A great deal of ground was covered, much of which illuminated the divide between US and UK practice and procedure. I make no apology for the fact that the result is a rather longer article than my usual ones.
Introduction
The Georgetown Advanced e-Discovery Institute is a polite, learned event, some of whose sessions, one feels, may actually change things, not merely report or comment on them. There is certainly a mood for change, in the sense that no-one involved in US eDiscovery believes that the present approach is sustainable. An outsider sees what appear to be obvious places to start which inevitably centre round the points of differences with one’s own jurisdiction and, indeed, the UK rules came in for much positive comment, as I report below. We in the UK, in turn, need to raise the level at which we discuss the issues, and get more people, particularly judges, to engage in that discussion in the manner so impressively displayed at Georgetown. We might then see a convergence between our rules and the way they work in practice.
Any attempt to translate these thoughts into positive recommendations founders on deep cultural differences plus the knowledge that whilst the UK rules may be fit for their purpose, the practice has a long way to go. Do US lawyers and jurists bang on so much about ethics and keep each other in line with sanctions because they are more ethical than we are or less so? Do parties collect so much data because a) they really think that proportionate justice is to be found that way b) because the fear of being sanctioned has driven all reason out of litigation or c) because the lawyers and technology providers make a lot of money that way? Or is it just that the wheel is going round so fast – technology catching up with volumes and driving expectations – that no-one can stop it now?
And is it presumptuous of us from the UK to accept praise for our rules and for the proportionate spirit behind our rules, when so few UK judges take e-disclosure seriously, when parties in big UK cases can still assert that the disclosure of electronic documents is ipso facto disproportionate, and when we have just had to fight a long hard battle to persuade our Civil Procedure Rule Committee even to accept that the subject is worth raising?
Whilst the English say “electronic discovery is something Americans do, and look what a mess they make of it”, Americans say “England is two years behind the US”. Well, I for one will not disparage the US approach any more severely than they do for themselves, and if a two-year lag saves us from the worst excesses of US discovery, then can we have longer please? The reality is that we can both learn from each other. The dream combination, perhaps, would be the rules of England & Wales managed by the array of US judges who were present at Georgetown. My view is obviously a partial one.
I will try and pick out the subjects which have most relevance across the jurisdictions, either because there are parallels, or because their absence is itself a matter of note.
International Panel
This panel had the foreigners on it – me, Dominic Jarre from KPMG in Canada and Seamus Byrne from KordaMentha in Australia. The home team was represented by Amor Esteban from Shook Hardy & Bacon and the moderator was Browning Marean of DLA Piper US. Although the session was entitled “Not Just EU Privacy”, much of our time was spent on this area where mutual disdain becomes outright hostility. There is no easy answer when US courts expect compliance with their discovery orders and EU rules impose penalties for doing so.

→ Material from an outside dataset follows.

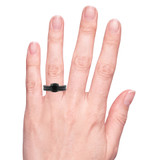 Photo of Rylee 4 1/5 ct tw. Black Diamond Cushion Solitaire Trio Set 14K Rose Solid Gold [BR2655R-C000] [HT]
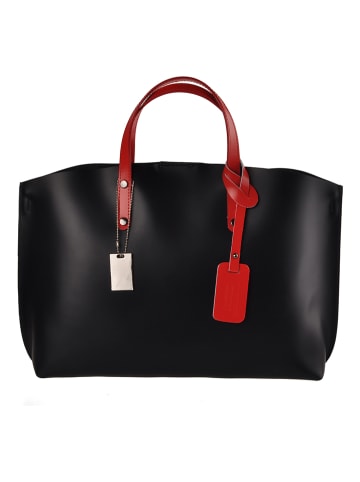 ORE10 Skórzany shopper bag "Avocetta" w kolorze czarno-czerwonym - 48 x 30 x 12 cm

Amor Esteban gave us a succinct summary of the problem, beginning with the Aérospatiale decision with its analysis of US interests derived from the Restatement (Third) of Foreign Relations Law of the United States. He rebutted (or “refudiated” as Sarah Palin would say, in a useful term which is likely to outlive her own political career) the suggestion that US courts always find in favour of “US interests” and against the foreign rules. I asked if anyone had applied their minds to whether “US interests” meant “the interests of the US party in the litigation” or something wider, and put in a plea for proper use of the Hague Convention instead of rubbishing it as US courts seem to do (I know, I know, “rubbish” is not a verb, but it perfectly describes some of the views expressed in US Opinions when this subject comes up). Dominic Jarre drew attention to Canada’s position – geographically close to the US and EU-approved in EU data protection terms. US Magistrate Judge Andrew Peck reminded us from the audience that those who use US courts, particularly as plaintiffs, must expect to play by their rules, or at least factor the conflicts into their decision-making. The same applies to those who are quite happy to send data to the US in the ordinary course of business, and complain about privacy only when discovery is required, particularly when this revelation strikes them only when they are en route to court to fight about it.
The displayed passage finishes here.